The father of Nasim Aghdam says she was angry at the company because it stopped paying her for videos she posted on the platform.
Ismail Aghdam told the Bay Area News Group that he warned police his daughter might be going to YouTube because she 'hated' the company.
Details of any payments she may have been receiving have not yet been disclosed.
The shooting comes weeks after YouTube agreed to manually review all videos in its 'preferred' section so advertisers were sure they were not promoting harmful videos.
As well as manual reviews, YouTube tightened its rules on who qualifies for posting money-making ads.
Previously, channels with 10,000 total views qualified for the YouTube Partner Program which allows creators to collect some income from the adverts placed before their videos.
But YouTube's parent company Google announced that from February 20, channels would need 1,000 subscribers and to have racked up 4,000 hours of watch time over the last 12 months regardless of total views, to qualify.

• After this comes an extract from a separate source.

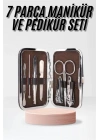 Çantalı 7 Parça Manikür Pedikür Seti Tırnak Makası Cımbız Törpü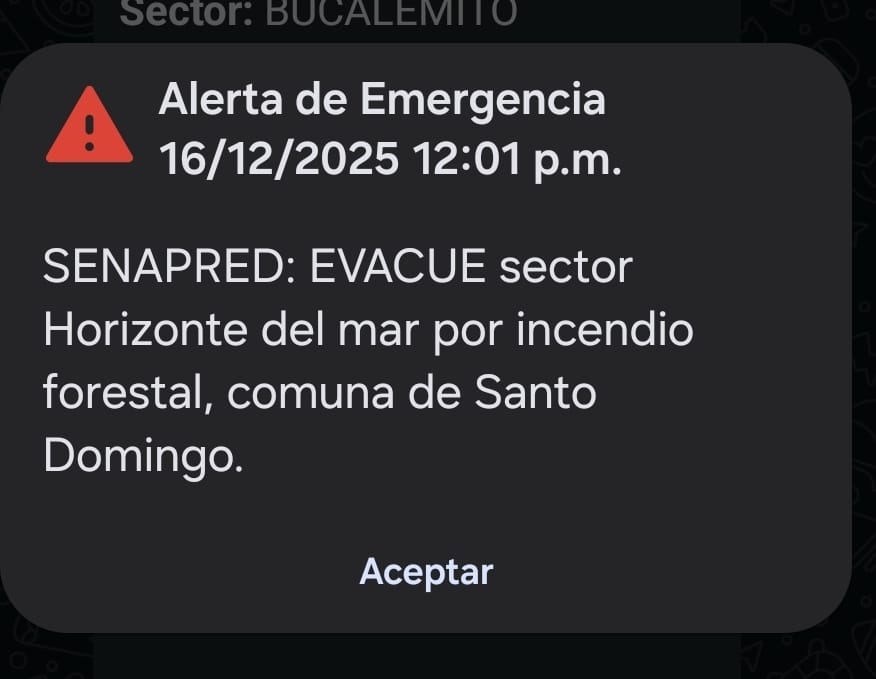 #SantoDomingo: 11:48hrs. Se declara alerta roja por Incendio Forestal #Bucalemito, Se Activa Alerta SAE, por riesgo inminente de viviendas en frente de avance, sector Horizontes de Mar, San Guillermo, superficie 5.0 hectareas. <a href="/chile_accidente/">Accidente Chile</a> <a href="/RedNoticiasVR/">RedNoticiasVRegión</a> <a href="/Controlvalpo/">🚒ControlValpo🚨</a>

This is the biggest change to advertising rules on the site since its inception - and is another attempt to prevent the platform being 'co-opted by bad actors' after persistent complaints from advertisers over the past twelve months.
The changes came just weeks after YouTuber Logan Paul's video showing the body of a suicide victim reached the site's trending page before being removed.
YouTube's new threshold means a creator making a weekly ten-minute video would need 1,000 subscribers and an average of 462 views per video to start receiving ad revenue.